Faubourg Tremé: The Untold Story of Black New Orleans is a riveting tale of hope, heartbreak and resiliency set in New Orleans’ most fascinating neighborhood. Shot largely before Hurricane Katrina and edited afterward, the film is both celebratory and elegiac in tone.
Faubourg Tremé is arguably the oldest black neighborhood in America, the birthplace of the Civil Rights movement in the South and the home of jazz. While the Tremé district was damaged when the levees broke, this is not another Katrina documentary. Every frame is a tribute to what African American communities have contributed even under the most hostile of conditions.

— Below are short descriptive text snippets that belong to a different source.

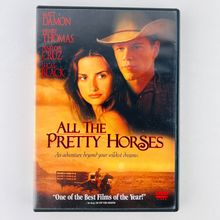 All The Pretty Horses DVD Matt Damon, Penlope Cruz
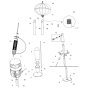 Wacker LBA1 Light Balloon Assembly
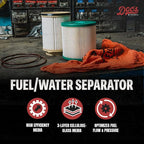 Doc's Diesel Fuel/Water Separator DGF430+DGF401 | Compatible - Image 2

It is a film of such effortless intimacy, subtle glances and authentic details that only two native New Orleanians could have made it.

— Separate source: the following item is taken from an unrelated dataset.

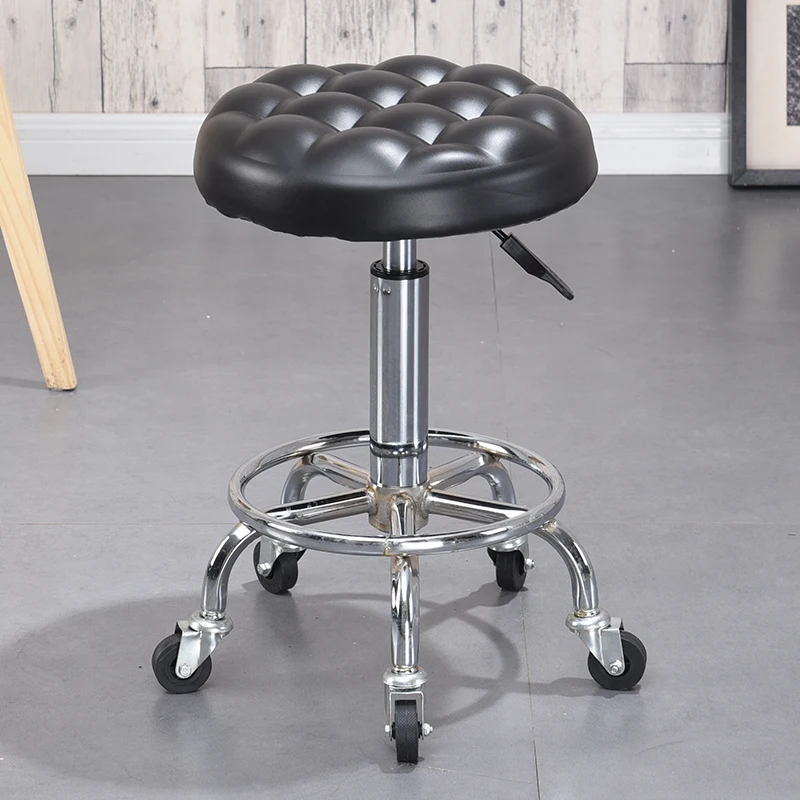 Косметический табурет Парикмахерская стул парикмахерский поворотный лифт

Our guide through the neighborhood is New Orleans’ Times Picayune columnist Lolis Eric Elie who bought a historic house in Tremé in the 1990’s when the area was struggling to recover from the crack epidemic. Rather than flee the blighted inner city, Elie begins renovating his dilapidated home and in the process becomes obsessed with the area’s mysterious and neglected past. The film follows the progress of his renovation, which eventually emerges as a poignant metaphor for post-Katrina reconstruction of New Orleans.
Irving Trevigne, Elie’s seventy-five year old Creole carpenter, is the heart and soul of the neighborhood and a born storyteller. Descended from over two hundred years of skilled craftsmen, he beguiles Elie with the forgotten stories behind Tremé’s old buildings. Other neighborhood chroniclers like Louisiana Poet Laureate Brenda Marie Osbey, musician Glen David Andrews and renowned historians John Hope Franklin and Eric Foner help bring alive a compelling and complex historical experience that gracefully combines pre and post hurricane footage with a wealth of never-before-seen archival imagery.
Discussion after the film will be led by Dr. Richard Davis, an international performing musician and Professor of Bass at the UW Madison, as well as an activist for social justice and the healing of racism.
While Friday isn’t exactly one of the great weeknights in which to view a library event, I think it’s worth it to see more of what the fuss is about New Orleans–and its history.